++++ Data extract ++++

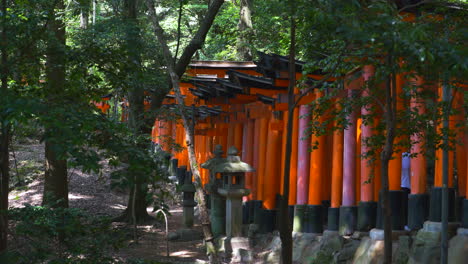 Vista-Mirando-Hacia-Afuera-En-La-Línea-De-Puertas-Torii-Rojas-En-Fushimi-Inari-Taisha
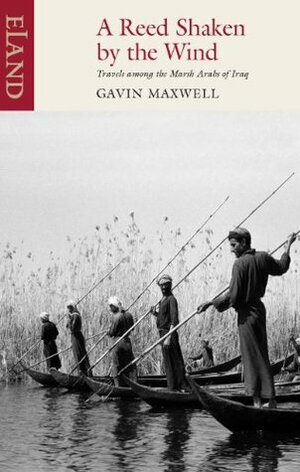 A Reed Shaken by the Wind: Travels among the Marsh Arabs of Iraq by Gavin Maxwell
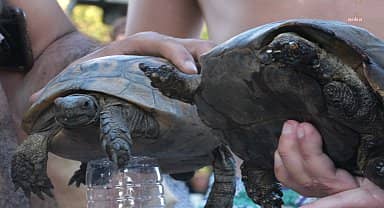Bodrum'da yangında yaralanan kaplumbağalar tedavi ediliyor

++++

**What to do:**
Would you print all of the material exactly as written, minus the pictures?

**Answer to this task:**
 Vista-Mirando-Hacia-Afuera-En-La-Línea-De-Puertas-Torii-Rojas-En-Fushimi-Inari-Taisha
 A Reed Shaken by the Wind: Travels among the Marsh Arabs of Iraq by Gavin Maxwell
Bodrum'da yangında yaralanan kaplumbağalar tedavi ediliyor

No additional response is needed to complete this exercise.